● **Supplied records**:
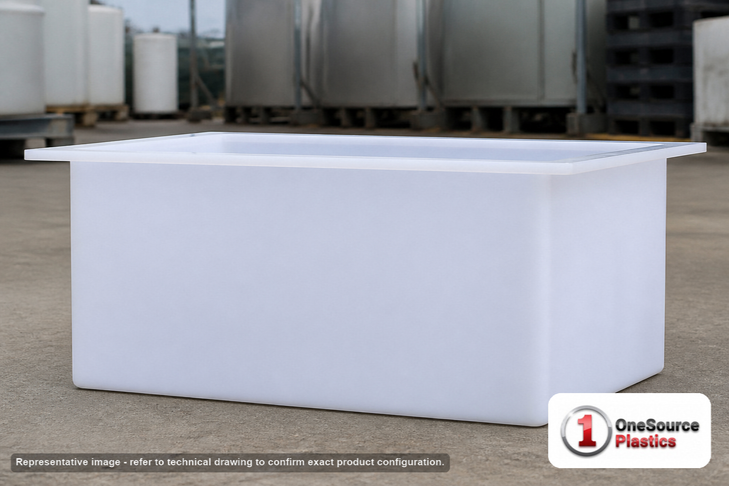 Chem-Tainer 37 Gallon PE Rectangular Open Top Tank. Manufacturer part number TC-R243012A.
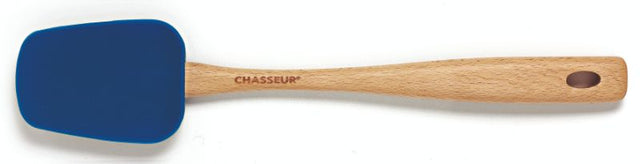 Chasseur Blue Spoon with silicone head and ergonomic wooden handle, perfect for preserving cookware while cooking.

---

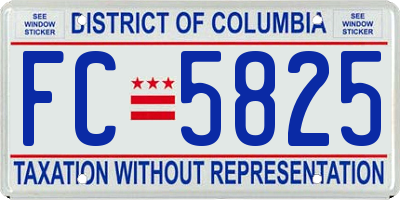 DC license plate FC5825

● **What you have to do**:
Starting at the line above that holds "Chem-Tainer 37 Gallon", repeat every line exactly down to and including the line that holds "Chasseur Blue Spoon", then stop. Do not carry over any pictures.

● **Written solution**:
 Chem-Tainer 37 Gallon PE Rectangular Open Top Tank. Manufacturer part number TC-R243012A.
 Chasseur Blue Spoon with silicone head and ergonomic wooden handle, perfect for preserving cookware while cooking.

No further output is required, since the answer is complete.